Gidenler umduğunu bulamadı, kalanlar ise çaresiz

Ne gitmek çözüm sunuyor ne de bir şey yapmadan kalmak bir çare. Anlatılan her şeyin özeti burada düğümleniyor. İmkanı olanlar kaldıkları yerde de gittikleri ülkede de bir şekilde yolunu bulmuş durumda. Ancak yoksul emekçilerin çaresizliklerine her geçen gün yeni hikayeler ekleniyor. Anlatılan her şey yoksulların mekan değişimiyle sınırlı kalıyor. Göç eden herkes valizinde çoğu zaman kendi çaresizliğini ve sıkıntılarını beraberinde götürüyor. Çözüm içinse kalıcı adımların atılması gerekiyor.
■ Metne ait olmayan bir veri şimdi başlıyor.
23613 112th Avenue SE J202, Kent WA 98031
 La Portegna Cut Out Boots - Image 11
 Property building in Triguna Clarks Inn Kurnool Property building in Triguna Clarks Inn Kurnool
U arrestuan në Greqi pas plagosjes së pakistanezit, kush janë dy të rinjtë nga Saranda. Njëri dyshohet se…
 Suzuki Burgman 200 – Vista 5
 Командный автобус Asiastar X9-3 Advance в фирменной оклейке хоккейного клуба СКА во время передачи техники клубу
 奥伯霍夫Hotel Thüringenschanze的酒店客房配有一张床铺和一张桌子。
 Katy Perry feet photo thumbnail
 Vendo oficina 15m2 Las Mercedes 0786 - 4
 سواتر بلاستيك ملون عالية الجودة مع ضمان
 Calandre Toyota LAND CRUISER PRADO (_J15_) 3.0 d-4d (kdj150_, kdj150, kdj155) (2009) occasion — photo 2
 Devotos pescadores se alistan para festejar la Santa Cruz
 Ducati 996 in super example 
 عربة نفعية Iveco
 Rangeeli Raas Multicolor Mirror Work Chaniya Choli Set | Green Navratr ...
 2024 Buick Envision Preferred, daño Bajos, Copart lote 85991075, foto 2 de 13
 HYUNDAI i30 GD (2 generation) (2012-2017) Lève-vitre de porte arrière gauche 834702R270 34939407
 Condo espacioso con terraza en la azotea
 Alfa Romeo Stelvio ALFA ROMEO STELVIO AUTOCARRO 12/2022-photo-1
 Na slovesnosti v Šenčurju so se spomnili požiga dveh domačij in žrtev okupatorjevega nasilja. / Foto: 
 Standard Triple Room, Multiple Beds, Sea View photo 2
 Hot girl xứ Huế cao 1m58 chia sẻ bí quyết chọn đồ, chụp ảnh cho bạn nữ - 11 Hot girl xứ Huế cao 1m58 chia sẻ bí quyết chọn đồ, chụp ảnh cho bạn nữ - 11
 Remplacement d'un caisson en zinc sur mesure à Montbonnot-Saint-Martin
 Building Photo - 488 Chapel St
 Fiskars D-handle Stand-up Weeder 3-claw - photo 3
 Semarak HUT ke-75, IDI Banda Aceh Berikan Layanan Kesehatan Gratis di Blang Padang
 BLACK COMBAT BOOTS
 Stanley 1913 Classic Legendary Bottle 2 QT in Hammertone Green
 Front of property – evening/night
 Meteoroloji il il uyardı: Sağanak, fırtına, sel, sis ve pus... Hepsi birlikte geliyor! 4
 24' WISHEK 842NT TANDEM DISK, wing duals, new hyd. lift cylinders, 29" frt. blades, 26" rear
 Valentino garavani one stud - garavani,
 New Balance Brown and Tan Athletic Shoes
Oysa sadece Ağrı'nın tarımsal arazileri ve hayancılıkla ilgili olanaklarının değerlendirilmesi ihtimali emekçiler için bir çözüm yaratabilir. 

Ve fakat sermayenin her şeyi özelleştirmesi, hayvancılık ve tarım alanlarının özel sektörlere peşkeş çekilmesi, Süt Endüstrisi Kurumu (SEK) gibi firmaların patronlara peşkeş çekilip şehirlerden izinin silinmesi göç sorunun ve yaşananların sadece bir sonuç olduğunu gösteriyor.